MQL's OOP notes: Optimystic library for On The Fly Optimization of EA meets fast particle swarm algorithm

23 November 2016, 15:14
Stanislav Korotky
25
694
In previous parts we have developed the library Optimystic for self-optimization of EAs on the fly (part 1, part 2) and particle swarm algorithm (part 3) which is more efficient optimization method than brute force approach used in the library intially.

Next step is to embed the particle swarm into the library. Let's go back to Optimystic.mqh.

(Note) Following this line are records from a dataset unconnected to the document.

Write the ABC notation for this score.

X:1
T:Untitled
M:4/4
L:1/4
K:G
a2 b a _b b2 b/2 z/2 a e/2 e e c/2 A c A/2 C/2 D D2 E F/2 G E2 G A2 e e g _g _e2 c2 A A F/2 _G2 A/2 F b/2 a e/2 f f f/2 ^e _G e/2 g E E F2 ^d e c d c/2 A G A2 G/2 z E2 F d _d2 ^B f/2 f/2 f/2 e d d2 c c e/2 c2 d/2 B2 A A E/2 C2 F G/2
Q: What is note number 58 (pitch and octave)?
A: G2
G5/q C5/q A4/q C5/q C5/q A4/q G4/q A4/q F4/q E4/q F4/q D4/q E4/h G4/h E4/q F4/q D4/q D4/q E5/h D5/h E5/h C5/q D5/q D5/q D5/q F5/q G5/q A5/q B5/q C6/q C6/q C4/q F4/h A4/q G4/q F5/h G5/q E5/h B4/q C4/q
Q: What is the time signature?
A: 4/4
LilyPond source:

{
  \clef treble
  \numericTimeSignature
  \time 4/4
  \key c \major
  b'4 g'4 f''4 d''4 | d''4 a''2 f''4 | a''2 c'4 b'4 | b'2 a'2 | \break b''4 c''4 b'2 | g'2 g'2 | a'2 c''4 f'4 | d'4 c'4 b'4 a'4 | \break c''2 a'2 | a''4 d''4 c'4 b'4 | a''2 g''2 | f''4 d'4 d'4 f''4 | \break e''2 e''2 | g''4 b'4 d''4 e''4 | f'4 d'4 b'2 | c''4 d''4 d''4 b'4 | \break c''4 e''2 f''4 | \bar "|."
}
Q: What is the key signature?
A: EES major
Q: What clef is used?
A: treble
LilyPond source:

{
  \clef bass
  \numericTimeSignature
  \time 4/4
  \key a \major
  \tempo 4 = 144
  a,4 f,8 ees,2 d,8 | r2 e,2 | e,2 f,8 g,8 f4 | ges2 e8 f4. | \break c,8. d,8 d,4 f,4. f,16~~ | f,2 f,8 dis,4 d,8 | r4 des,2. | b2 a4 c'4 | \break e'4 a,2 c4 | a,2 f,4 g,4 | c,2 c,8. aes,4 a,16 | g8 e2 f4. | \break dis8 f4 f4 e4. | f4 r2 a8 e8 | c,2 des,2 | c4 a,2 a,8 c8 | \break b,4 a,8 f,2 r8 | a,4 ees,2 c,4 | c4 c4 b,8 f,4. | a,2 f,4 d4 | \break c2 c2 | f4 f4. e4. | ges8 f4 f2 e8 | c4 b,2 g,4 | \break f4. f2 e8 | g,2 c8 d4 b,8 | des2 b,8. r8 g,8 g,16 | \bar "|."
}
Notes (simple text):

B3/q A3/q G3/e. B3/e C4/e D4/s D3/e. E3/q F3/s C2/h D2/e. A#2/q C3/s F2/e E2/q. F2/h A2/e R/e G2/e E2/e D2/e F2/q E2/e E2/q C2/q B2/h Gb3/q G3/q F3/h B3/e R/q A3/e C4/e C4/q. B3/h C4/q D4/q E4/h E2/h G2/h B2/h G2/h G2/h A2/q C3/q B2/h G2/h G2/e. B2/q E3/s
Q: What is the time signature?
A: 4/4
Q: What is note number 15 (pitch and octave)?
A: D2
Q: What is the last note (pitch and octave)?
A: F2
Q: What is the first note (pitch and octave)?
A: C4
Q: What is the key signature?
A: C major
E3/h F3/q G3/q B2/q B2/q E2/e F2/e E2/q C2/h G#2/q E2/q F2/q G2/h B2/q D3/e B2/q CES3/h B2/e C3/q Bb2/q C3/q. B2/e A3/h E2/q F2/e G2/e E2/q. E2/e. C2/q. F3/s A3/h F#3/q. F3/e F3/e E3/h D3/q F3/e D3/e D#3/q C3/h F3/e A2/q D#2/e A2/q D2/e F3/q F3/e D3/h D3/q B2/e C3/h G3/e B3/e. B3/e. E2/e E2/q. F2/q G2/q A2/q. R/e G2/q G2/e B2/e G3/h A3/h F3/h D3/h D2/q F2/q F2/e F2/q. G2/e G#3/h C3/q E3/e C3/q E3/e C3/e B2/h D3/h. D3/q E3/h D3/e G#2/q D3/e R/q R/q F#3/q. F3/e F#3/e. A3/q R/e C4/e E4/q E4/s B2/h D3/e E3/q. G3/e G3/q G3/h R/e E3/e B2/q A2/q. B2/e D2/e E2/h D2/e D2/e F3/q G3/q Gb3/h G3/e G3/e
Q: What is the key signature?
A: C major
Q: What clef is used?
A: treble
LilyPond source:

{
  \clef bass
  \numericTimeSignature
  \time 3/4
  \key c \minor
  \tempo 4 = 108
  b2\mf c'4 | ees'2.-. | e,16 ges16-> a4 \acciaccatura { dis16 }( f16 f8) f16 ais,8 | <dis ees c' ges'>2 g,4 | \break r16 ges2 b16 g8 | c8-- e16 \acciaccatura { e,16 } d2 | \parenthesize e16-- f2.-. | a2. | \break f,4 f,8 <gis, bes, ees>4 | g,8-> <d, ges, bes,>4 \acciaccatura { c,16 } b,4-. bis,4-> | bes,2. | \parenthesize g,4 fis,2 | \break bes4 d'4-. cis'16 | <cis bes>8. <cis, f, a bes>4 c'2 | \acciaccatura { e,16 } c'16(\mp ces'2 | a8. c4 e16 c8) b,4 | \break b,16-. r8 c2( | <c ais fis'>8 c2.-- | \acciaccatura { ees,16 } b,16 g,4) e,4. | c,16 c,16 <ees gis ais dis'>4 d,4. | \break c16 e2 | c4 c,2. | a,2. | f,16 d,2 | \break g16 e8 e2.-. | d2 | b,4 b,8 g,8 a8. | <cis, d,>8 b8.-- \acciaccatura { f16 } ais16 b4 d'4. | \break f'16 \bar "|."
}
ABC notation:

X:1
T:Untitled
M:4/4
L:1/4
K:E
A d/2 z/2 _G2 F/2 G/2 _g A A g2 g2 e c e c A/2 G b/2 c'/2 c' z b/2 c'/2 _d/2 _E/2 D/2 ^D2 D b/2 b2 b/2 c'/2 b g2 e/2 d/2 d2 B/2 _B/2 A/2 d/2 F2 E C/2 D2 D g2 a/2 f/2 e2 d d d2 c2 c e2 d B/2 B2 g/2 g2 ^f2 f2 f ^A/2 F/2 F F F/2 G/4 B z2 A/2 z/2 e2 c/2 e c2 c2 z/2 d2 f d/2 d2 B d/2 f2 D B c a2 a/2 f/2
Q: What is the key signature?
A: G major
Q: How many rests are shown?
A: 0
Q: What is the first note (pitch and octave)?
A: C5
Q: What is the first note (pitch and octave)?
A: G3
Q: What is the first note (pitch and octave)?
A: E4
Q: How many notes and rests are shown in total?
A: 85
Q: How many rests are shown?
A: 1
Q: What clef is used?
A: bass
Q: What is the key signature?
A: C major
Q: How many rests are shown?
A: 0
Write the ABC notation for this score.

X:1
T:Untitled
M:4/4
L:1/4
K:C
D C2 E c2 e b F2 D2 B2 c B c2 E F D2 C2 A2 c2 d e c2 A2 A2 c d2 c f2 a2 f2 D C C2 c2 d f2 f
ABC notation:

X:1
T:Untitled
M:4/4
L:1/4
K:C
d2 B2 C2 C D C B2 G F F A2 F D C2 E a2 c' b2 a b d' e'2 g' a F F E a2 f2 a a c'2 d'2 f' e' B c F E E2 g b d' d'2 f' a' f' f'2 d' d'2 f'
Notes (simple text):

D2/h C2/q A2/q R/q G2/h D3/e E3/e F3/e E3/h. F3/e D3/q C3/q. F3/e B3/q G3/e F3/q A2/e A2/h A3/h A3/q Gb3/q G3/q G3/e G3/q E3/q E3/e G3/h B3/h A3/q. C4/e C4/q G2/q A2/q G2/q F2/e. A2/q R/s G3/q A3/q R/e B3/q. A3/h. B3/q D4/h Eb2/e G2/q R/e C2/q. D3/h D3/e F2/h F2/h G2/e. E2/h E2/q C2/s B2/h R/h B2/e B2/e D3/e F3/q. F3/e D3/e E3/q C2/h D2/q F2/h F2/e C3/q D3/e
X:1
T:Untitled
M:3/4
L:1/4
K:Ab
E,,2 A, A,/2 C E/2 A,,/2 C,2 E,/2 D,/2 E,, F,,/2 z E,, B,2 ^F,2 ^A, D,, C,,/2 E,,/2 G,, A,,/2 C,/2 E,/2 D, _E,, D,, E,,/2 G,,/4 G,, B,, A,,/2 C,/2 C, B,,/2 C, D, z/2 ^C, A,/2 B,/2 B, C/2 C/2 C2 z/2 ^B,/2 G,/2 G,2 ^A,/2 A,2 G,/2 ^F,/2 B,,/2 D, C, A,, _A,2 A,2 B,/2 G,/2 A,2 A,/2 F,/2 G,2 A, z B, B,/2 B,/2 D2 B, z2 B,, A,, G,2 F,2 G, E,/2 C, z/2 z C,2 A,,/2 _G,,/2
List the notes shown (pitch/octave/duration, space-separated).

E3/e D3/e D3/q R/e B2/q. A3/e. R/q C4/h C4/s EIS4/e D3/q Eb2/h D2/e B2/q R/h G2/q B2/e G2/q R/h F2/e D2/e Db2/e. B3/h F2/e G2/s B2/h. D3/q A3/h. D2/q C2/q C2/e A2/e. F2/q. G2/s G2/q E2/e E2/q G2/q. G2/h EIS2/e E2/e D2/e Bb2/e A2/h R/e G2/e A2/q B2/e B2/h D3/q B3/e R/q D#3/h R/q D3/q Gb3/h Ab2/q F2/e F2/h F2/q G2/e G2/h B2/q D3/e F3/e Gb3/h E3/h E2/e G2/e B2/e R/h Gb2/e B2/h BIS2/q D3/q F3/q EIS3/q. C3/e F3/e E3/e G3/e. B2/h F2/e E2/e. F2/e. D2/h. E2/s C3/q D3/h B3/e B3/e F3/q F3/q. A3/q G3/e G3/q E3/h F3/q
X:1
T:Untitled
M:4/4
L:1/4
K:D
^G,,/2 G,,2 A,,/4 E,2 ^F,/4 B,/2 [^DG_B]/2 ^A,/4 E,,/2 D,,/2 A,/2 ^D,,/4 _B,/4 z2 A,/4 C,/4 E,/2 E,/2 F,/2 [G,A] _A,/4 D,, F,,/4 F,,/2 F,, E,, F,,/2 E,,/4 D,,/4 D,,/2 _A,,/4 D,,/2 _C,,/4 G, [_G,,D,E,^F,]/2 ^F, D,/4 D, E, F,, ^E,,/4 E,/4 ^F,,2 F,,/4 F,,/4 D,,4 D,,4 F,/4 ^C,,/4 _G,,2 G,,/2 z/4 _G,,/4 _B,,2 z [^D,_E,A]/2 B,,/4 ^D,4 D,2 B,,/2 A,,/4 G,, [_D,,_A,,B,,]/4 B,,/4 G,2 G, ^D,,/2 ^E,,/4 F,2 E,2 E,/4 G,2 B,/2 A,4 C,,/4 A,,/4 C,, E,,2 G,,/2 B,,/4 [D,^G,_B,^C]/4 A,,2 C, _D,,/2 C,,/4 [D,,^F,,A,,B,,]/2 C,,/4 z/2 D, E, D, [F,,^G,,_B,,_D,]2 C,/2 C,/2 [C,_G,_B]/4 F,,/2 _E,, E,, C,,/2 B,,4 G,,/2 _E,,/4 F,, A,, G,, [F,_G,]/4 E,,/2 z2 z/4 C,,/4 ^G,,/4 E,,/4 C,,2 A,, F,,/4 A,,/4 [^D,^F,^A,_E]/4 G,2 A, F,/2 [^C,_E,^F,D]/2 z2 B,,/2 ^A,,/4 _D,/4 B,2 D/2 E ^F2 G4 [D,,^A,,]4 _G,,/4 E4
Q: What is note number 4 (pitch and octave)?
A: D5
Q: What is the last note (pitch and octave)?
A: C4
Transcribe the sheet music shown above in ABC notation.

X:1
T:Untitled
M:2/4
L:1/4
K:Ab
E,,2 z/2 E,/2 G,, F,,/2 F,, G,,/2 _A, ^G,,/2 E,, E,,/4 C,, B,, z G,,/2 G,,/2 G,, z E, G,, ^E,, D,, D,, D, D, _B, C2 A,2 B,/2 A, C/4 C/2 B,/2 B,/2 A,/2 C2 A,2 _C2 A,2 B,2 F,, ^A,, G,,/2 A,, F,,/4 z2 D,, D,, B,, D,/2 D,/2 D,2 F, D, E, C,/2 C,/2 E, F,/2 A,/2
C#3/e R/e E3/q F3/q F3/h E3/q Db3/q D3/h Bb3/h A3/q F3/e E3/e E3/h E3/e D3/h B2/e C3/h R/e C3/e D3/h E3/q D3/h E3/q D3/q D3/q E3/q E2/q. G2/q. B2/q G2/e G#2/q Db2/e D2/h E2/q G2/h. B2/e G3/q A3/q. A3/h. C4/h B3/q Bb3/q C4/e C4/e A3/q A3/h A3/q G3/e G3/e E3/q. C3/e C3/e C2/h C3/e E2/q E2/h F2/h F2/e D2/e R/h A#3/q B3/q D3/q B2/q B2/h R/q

As far as we're going to add new optimization method to the library and users are supposed to choose between them, we need to define new enumeration.

enum OPTIMIZATION_METHOD
{
  METHOD_BRUTE_FORCE,    // brute force
  METHOD_PARTICLE_SWARM  // particle swarm
};

And we need a method to switch either of the methods on.

class Optimystic
{
  public:
    virtual void setMethod(OPTIMIZATION_METHOD method) = 0;

That's it! We're done with the header file. Let's move to the implementation part in Optimystic.mq4.

For beginning we add the header file of the particle swarm algorithm.

#include <ParticleSwarm.mqh>

And add new declarations to the class.

class OptimysticImplementation: public Optimystic
{
  private:
    OPTIMIZATION_METHOD method;
    Swarm *swarm;

  public:
    virtual void setMethod(OPTIMIZATION_METHOD m)
    {
      method = m;
    }

The class should change optimization approach according to the selected method, so onTick should be updated. 

    virtual void onTick()
    {
      static datetime lastBar;
      if(enabled)
      {
        if(lastBar != Time[0] && TimeCurrent() > lastOptimization + PeriodSeconds() * resetInBars)
        {
          callback.setContext(context); // virtual trading
          if(method == METHOD_PARTICLE_SWARM)
          {
            optimizeByPSO();
          }
          else
          {
            optimize();
          }
        }
      }
      callback.setContext(NULL); // real trading
      callback.trade(0, Ask, Bid);
      lastBar = Time[0];
    }

Here we added a new procedure optimizeByPSO. Let's define it using already existing optimize as a draft. 

    bool optimizeByPSO()
    {
      if(!callback.onBeforeOptimization()) return false;
      Print("Starting on-the-fly optimization at ", TimeToString(Time[rangeInBars]));
      
      uint trap = GetTickCount();

We marked the time to compare performance of the new and old algorithms later.

      isOptimizationOn = true;
      if(spread == 0) spread = (int)MarketInfo(Symbol(), MODE_SPREAD);
      best = 0;
      int count = resetParameters();

We modified the function resetParameters to return number of active parameters (as you remember, we can disable specific parameters by calling setEnabled). Normally all parameters are enabled, so count will be equal to the size of parameters array.

      int n = parameters.size();

The reason why we're bothering with this is our need to pass work ranges of parameters values to the swarm on the next lines.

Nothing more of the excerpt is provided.